Task statement: Include in the reply only the lines from the start of the data below through the line containing "Beyaz Klasik Mini Keten gömlek - Görsel 5", reproduced exactly and with no pictures.

Records to use:
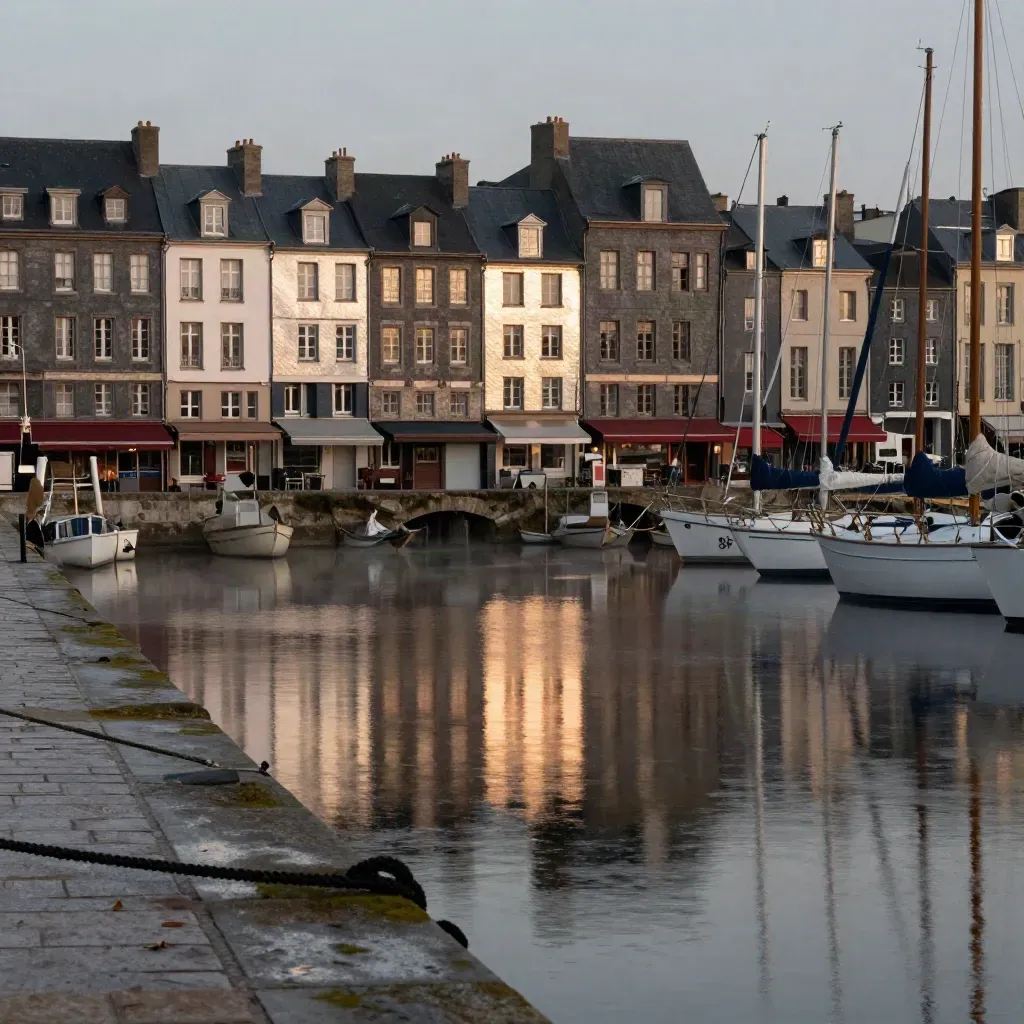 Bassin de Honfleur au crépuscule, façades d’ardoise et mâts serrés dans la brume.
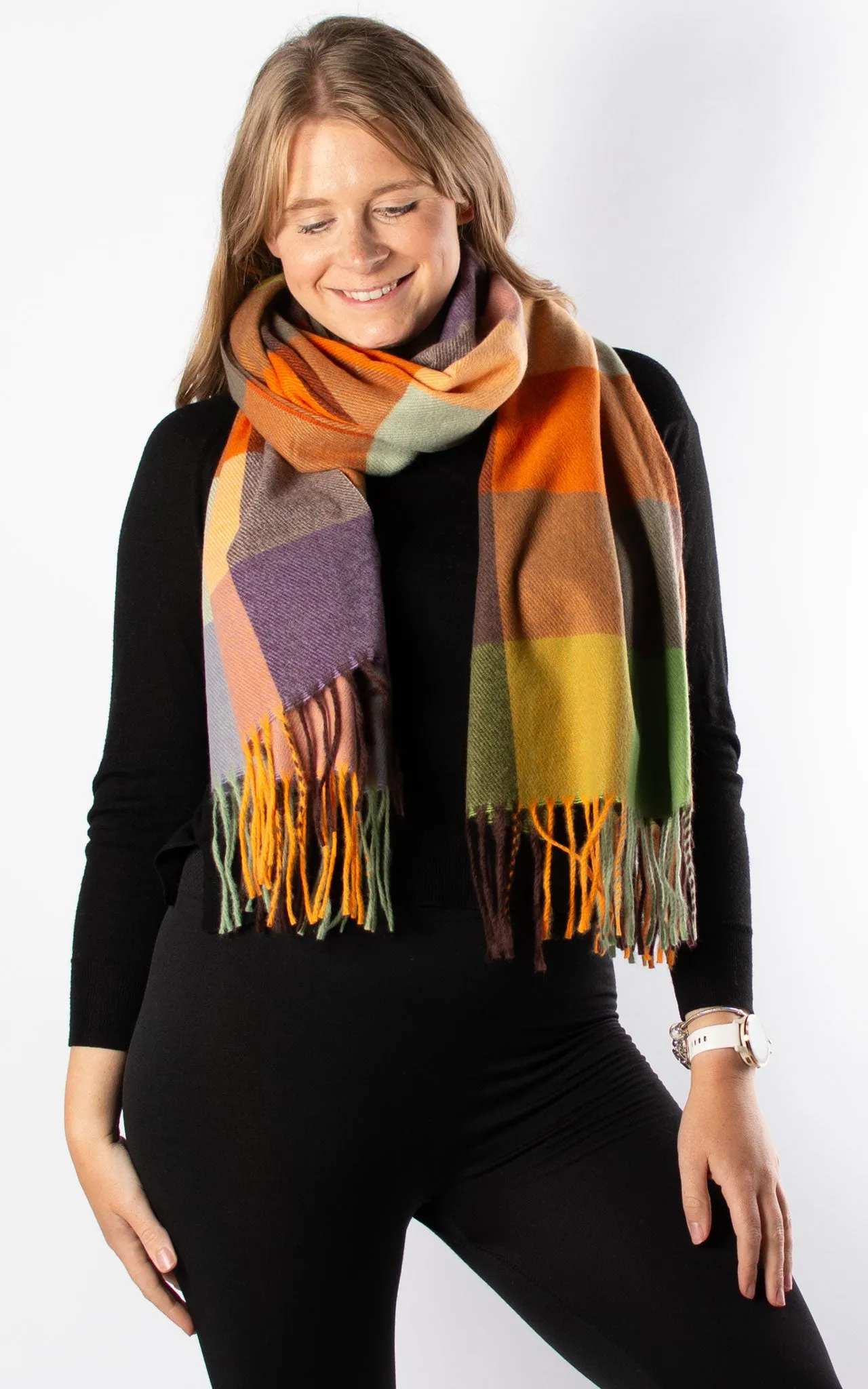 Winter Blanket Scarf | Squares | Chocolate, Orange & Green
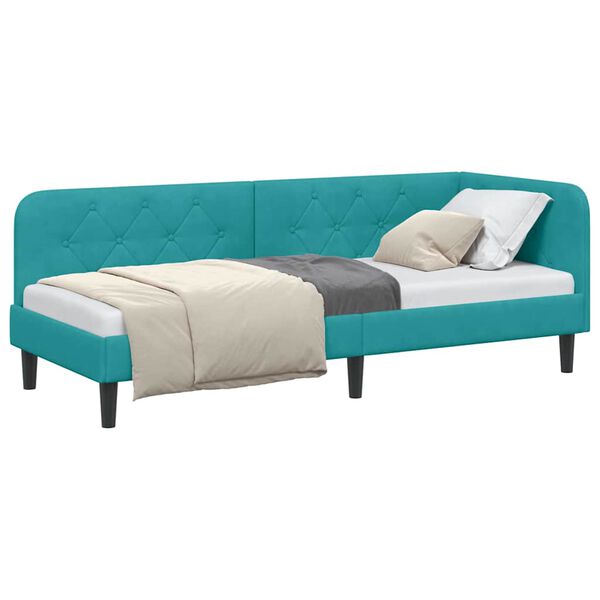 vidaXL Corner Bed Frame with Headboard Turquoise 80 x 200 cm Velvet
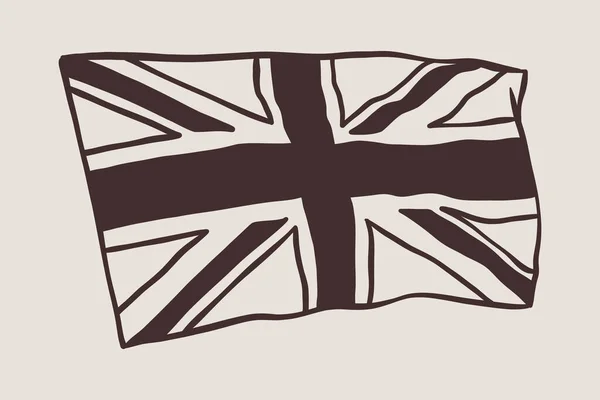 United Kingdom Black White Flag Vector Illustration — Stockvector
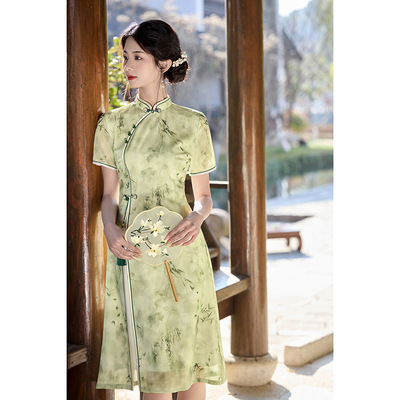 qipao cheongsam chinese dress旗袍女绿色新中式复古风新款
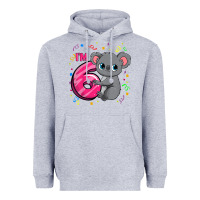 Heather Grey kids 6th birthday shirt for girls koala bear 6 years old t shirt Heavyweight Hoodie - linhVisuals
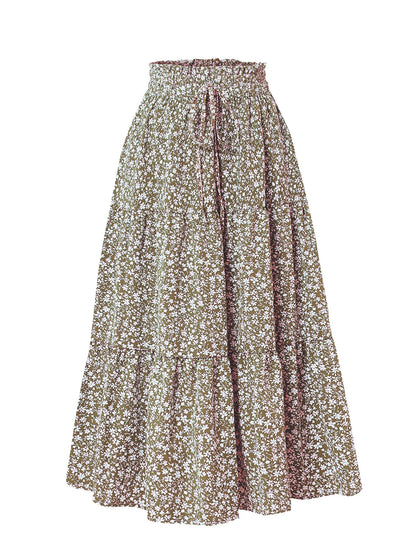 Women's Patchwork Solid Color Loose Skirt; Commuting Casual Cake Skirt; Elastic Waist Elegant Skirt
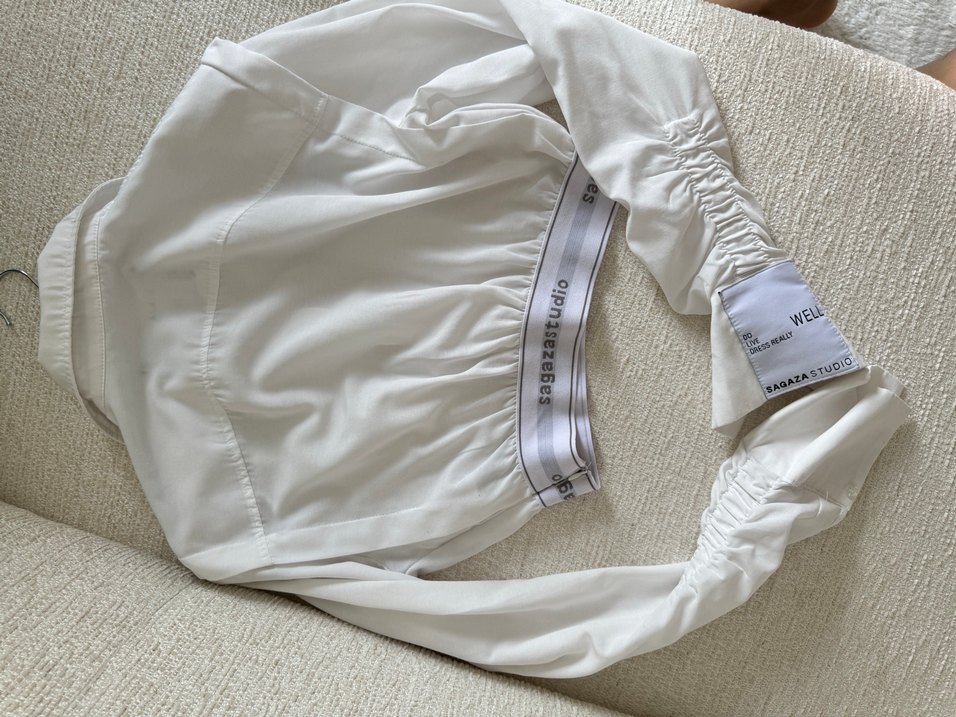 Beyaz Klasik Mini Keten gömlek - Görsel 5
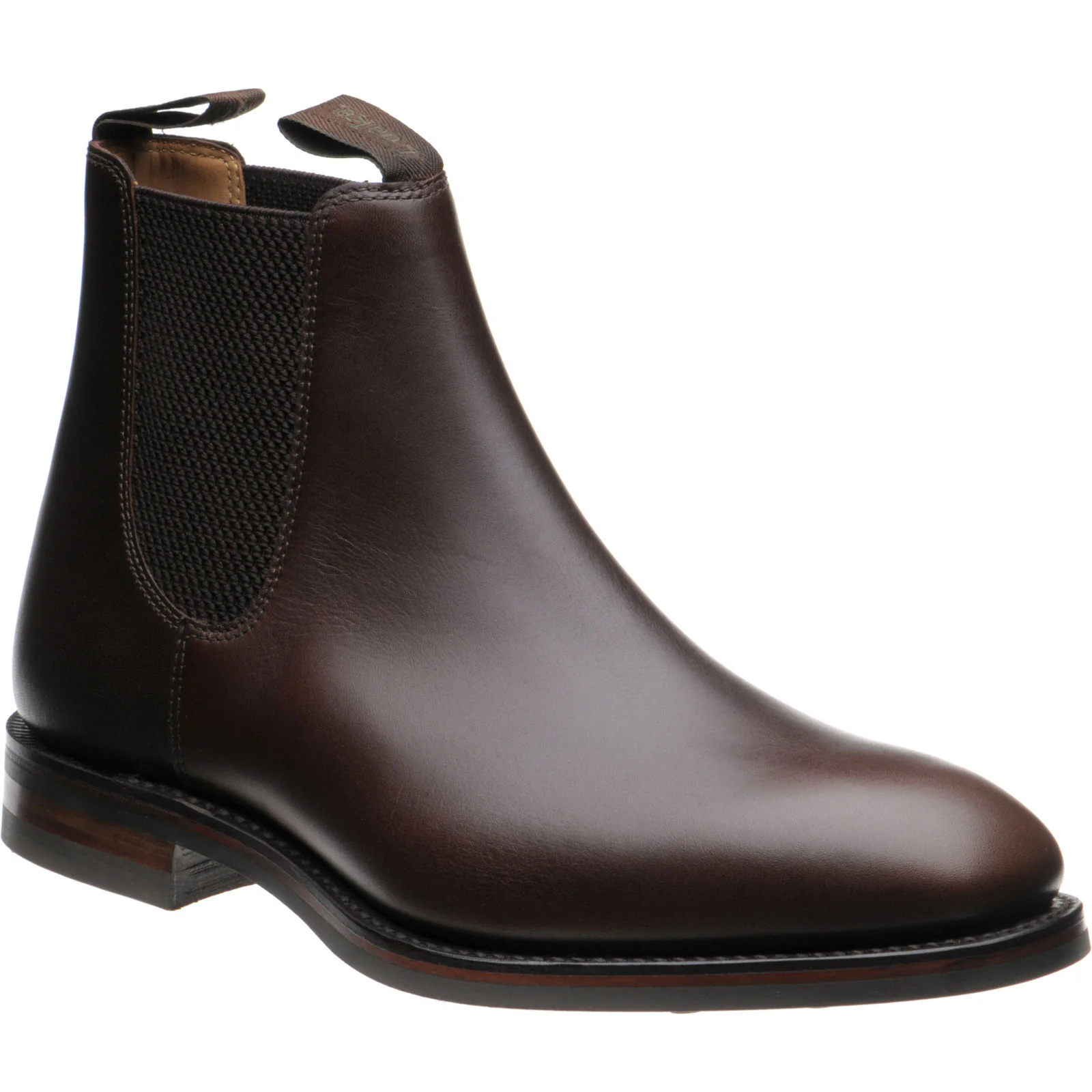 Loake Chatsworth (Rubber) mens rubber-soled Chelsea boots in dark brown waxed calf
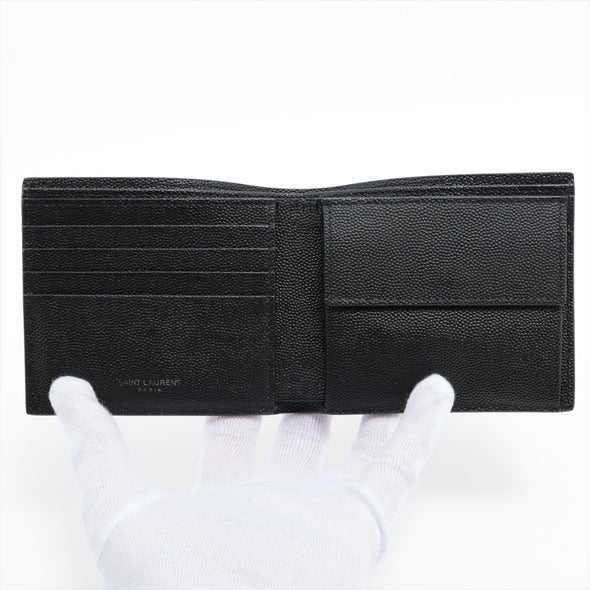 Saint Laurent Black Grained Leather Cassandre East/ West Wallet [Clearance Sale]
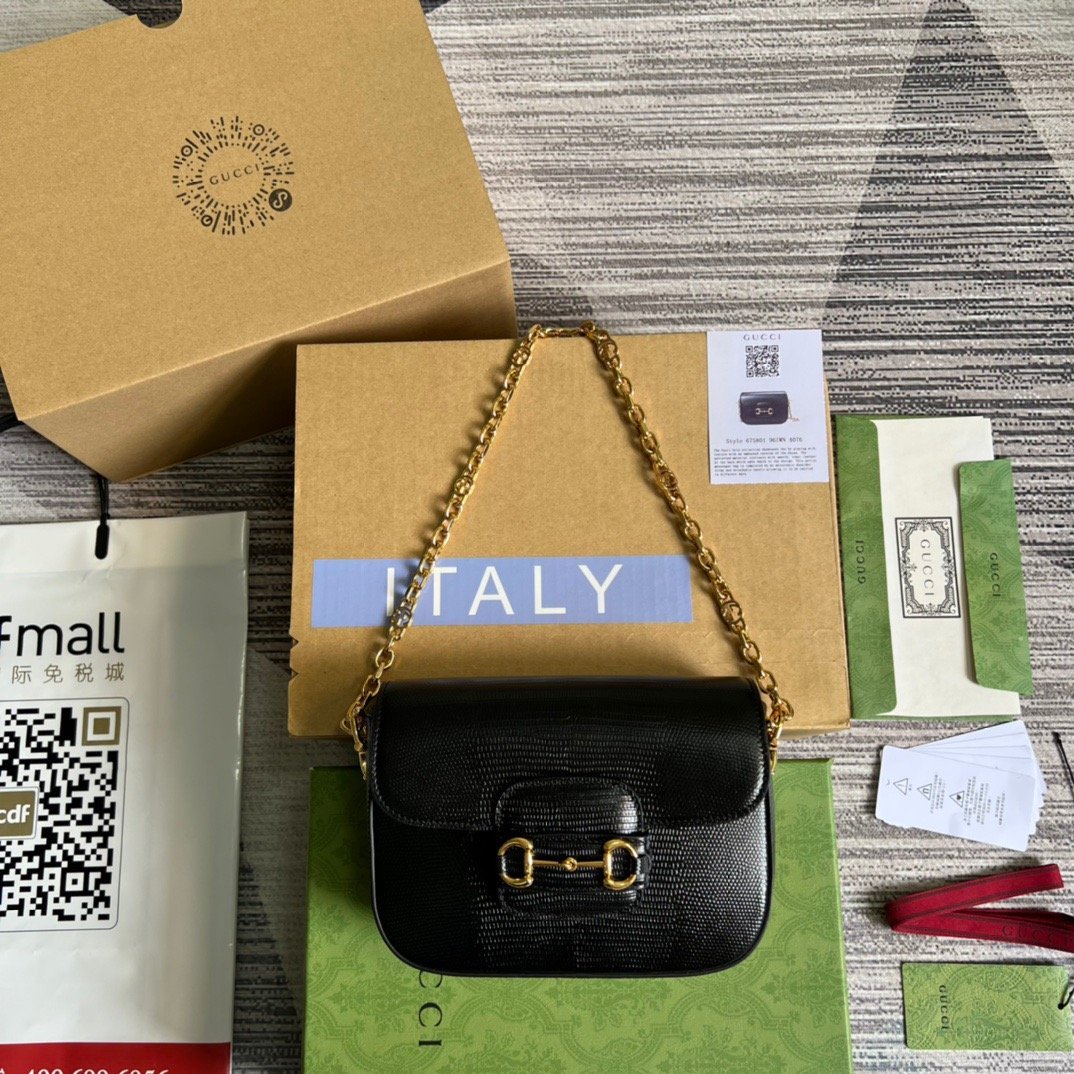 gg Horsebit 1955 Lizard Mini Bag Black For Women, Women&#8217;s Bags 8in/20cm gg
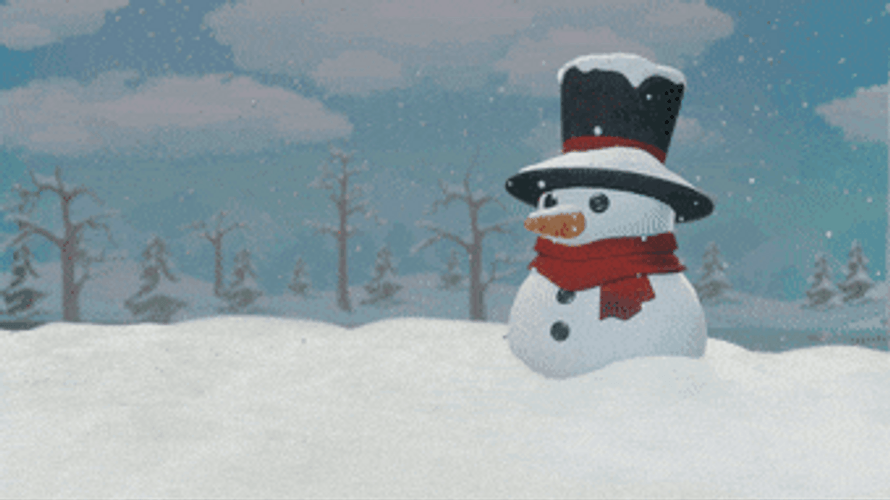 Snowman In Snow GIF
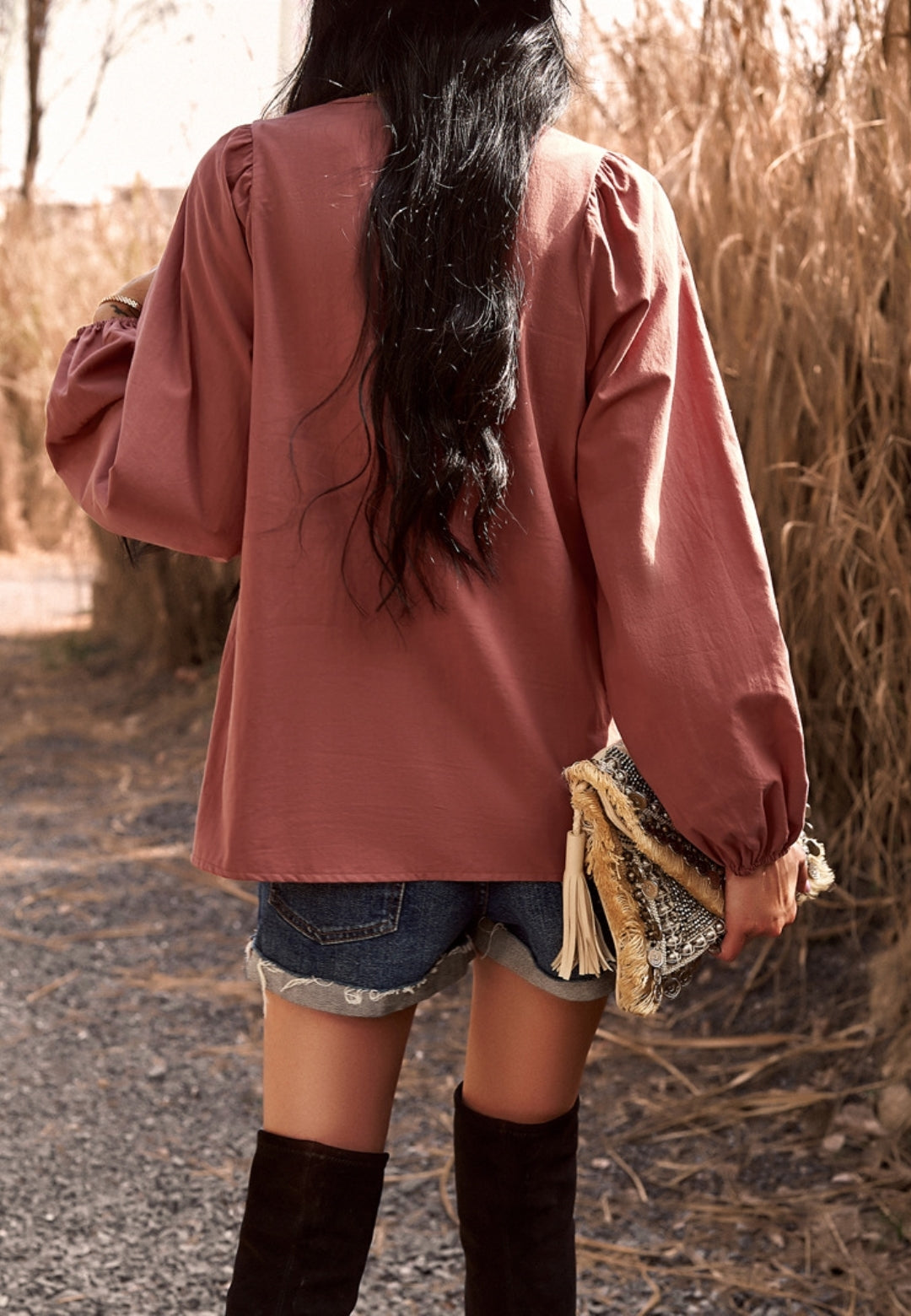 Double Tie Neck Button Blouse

Answer:
 Bassin de Honfleur au crépuscule, façades d’ardoise et mâts serrés dans la brume.
 Winter Blanket Scarf | Squares | Chocolate, Orange & Green
 vidaXL Corner Bed Frame with Headboard Turquoise 80 x 200 cm Velvet
 United Kingdom Black White Flag Vector Illustration — Stockvector
 qipao cheongsam chinese dress旗袍女绿色新中式复古风新款
 Heather Grey kids 6th birthday shirt for girls koala bear 6 years old t shirt Heavyweight Hoodie - linhVisuals
 Women's Patchwork Solid Color Loose Skirt; Commuting Casual Cake Skirt; Elastic Waist Elegant Skirt
 Beyaz Klasik Mini Keten gömlek - Görsel 5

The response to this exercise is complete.